● Task requirements:
In the listing below, find the line containing "VT license plate XSP940" and the line containing "L'Oreal Paris Hyaluron", then copy exactly everything from the first through the second, except the pictures.

● Information provided:

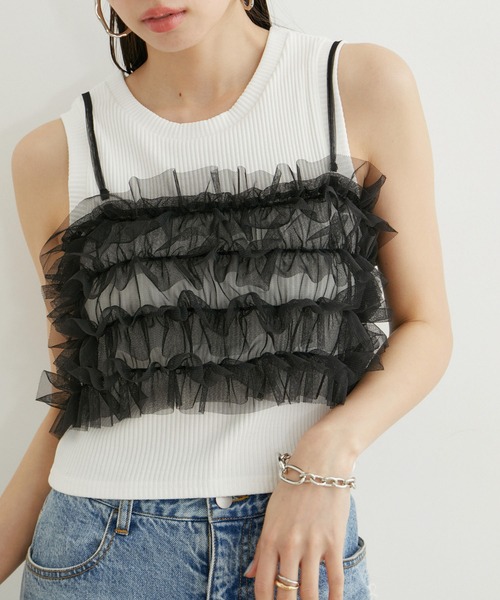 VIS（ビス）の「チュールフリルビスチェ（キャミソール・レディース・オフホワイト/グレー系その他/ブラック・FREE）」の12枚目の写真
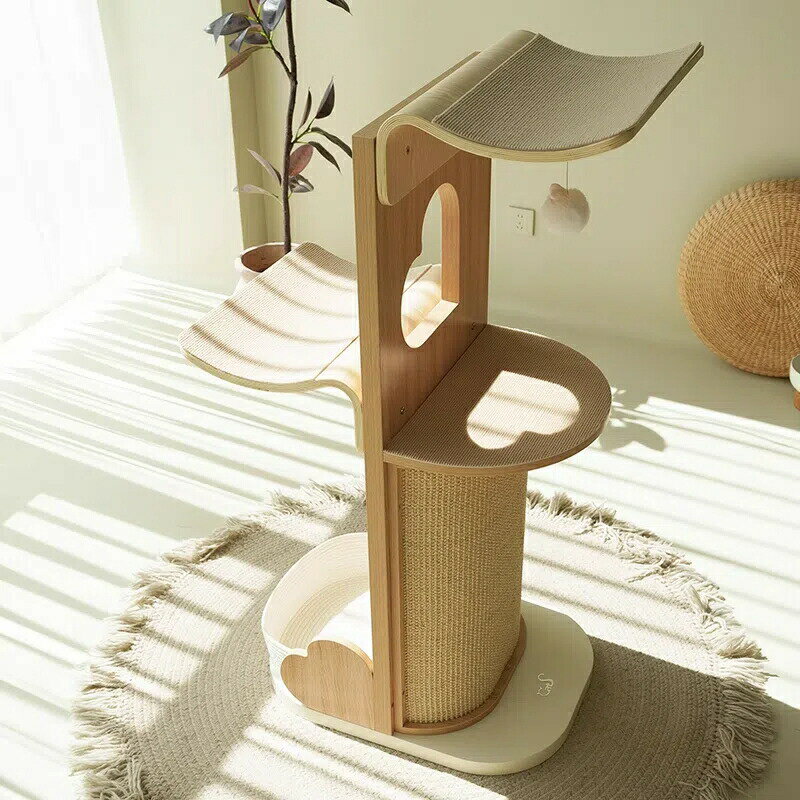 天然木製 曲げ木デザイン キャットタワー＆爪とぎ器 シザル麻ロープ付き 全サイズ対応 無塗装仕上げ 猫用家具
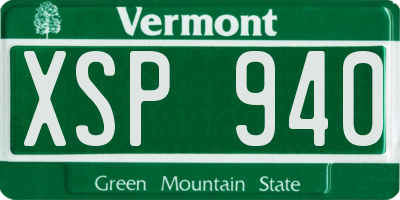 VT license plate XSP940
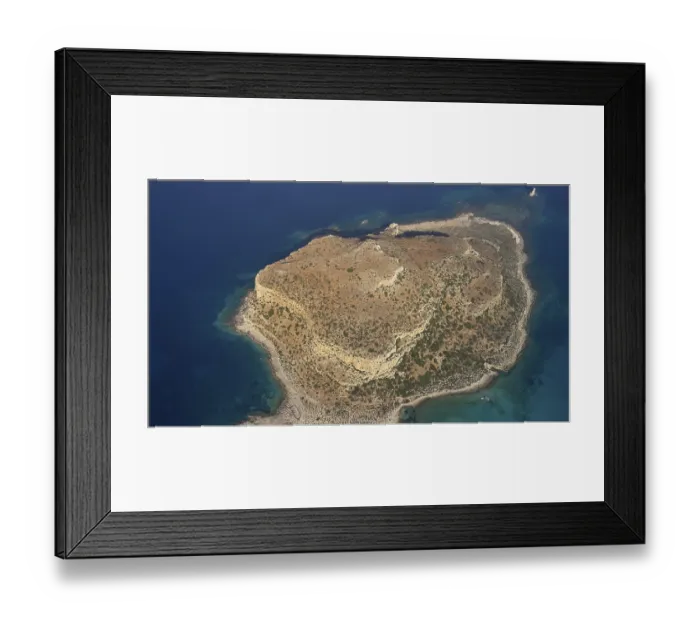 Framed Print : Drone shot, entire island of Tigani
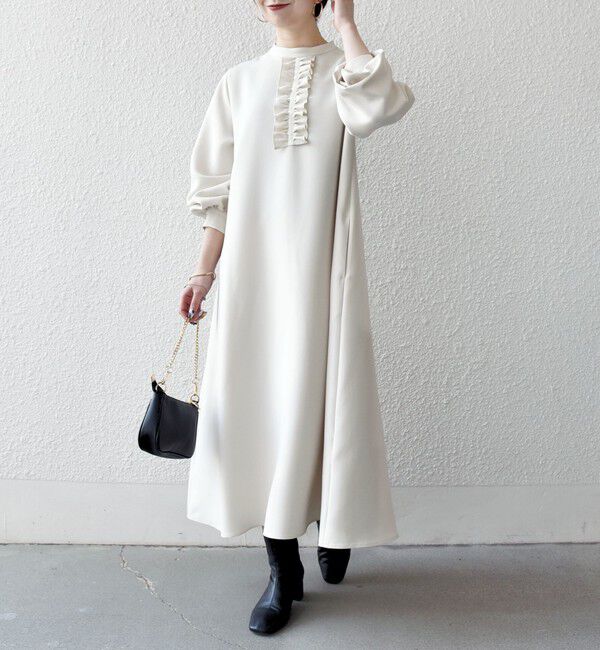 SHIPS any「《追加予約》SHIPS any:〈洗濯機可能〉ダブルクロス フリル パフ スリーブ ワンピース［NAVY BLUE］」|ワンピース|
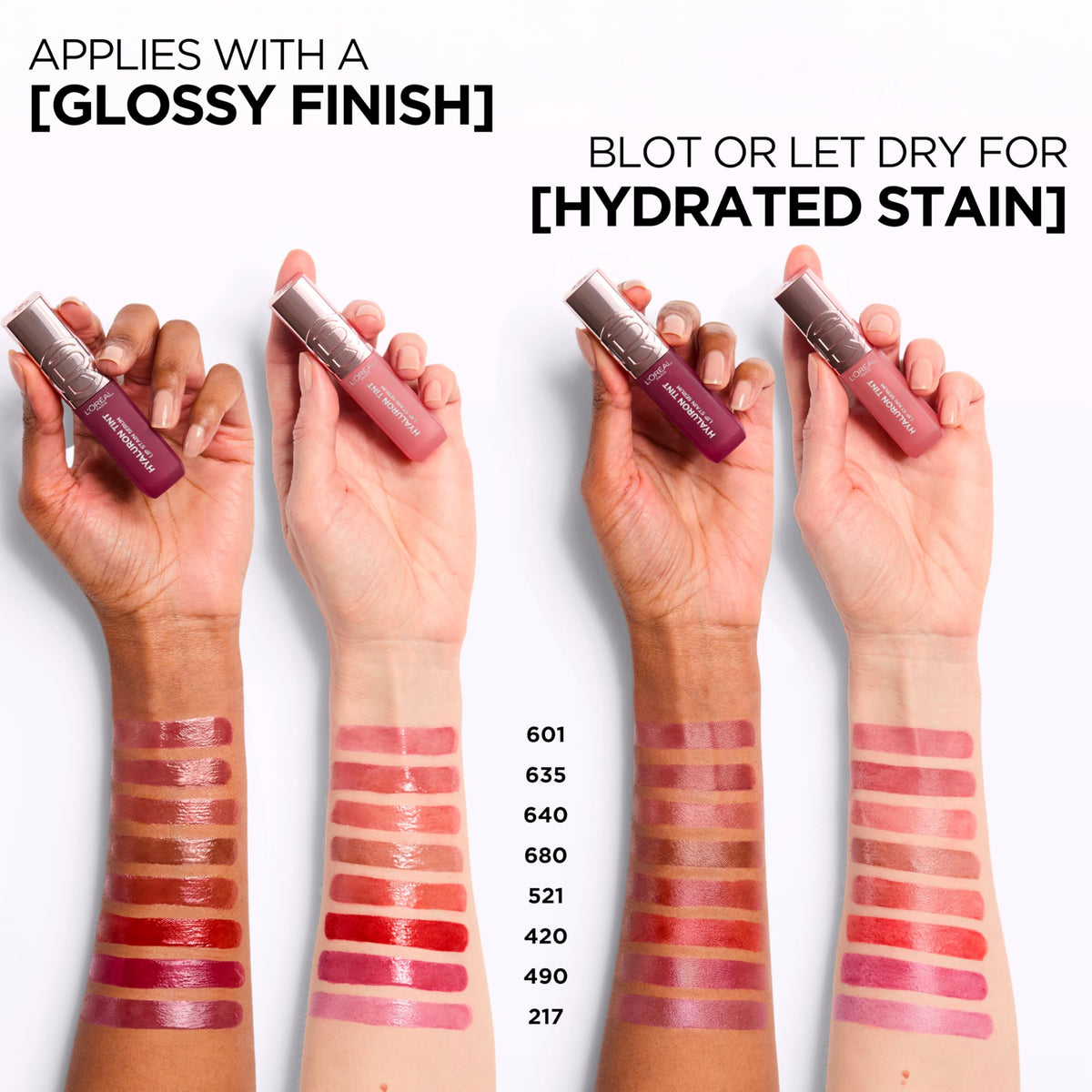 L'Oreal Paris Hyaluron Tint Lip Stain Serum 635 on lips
---
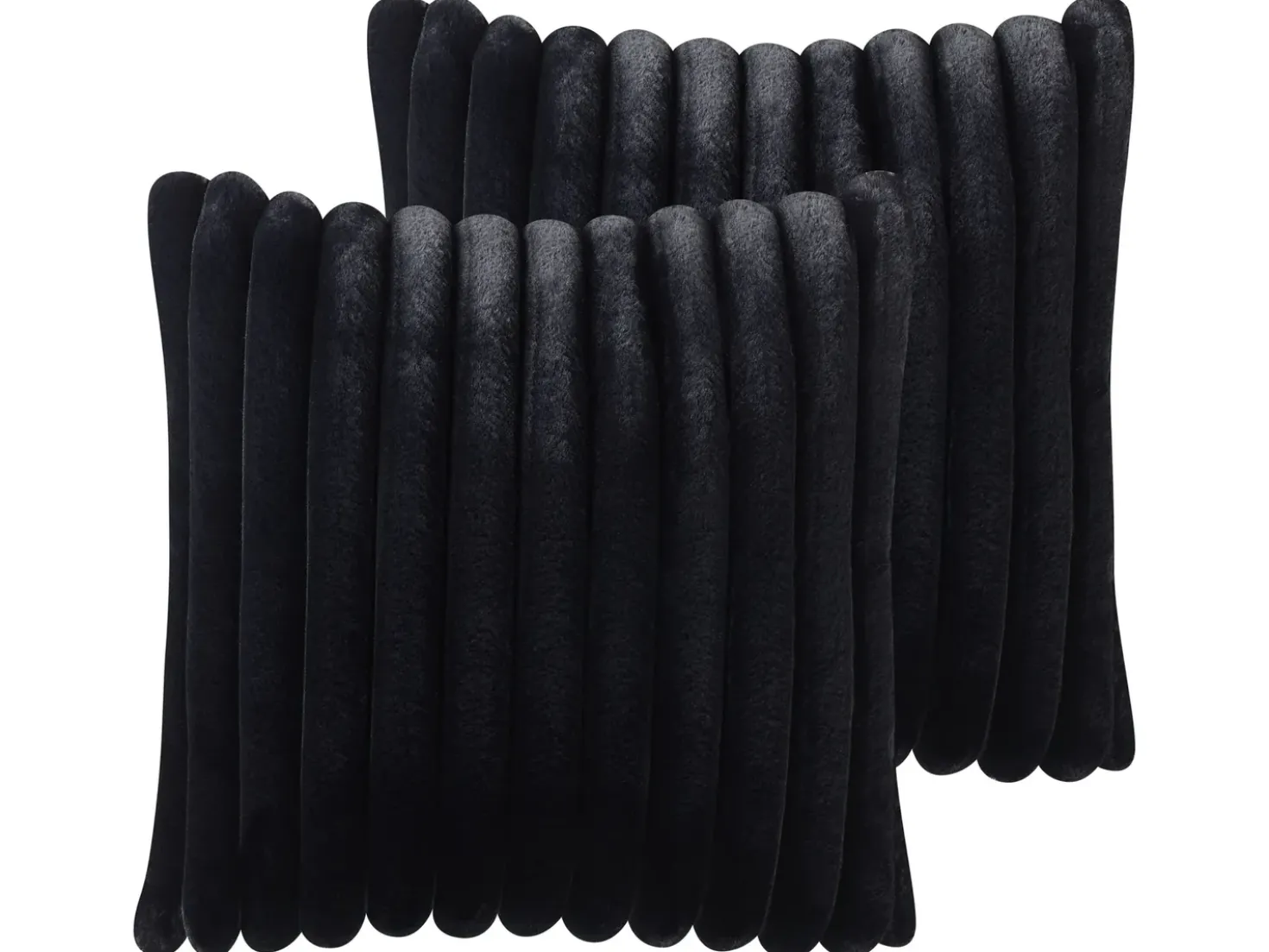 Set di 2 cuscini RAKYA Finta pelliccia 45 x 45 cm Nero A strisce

● Exercise solution:
 VT license plate XSP940
 Framed Print : Drone shot, entire island of Tigani
 SHIPS any「《追加予約》SHIPS any:〈洗濯機可能〉ダブルクロス フリル パフ スリーブ ワンピース［NAVY BLUE］」|ワンピース|
 L'Oreal Paris Hyaluron Tint Lip Stain Serum 635 on lips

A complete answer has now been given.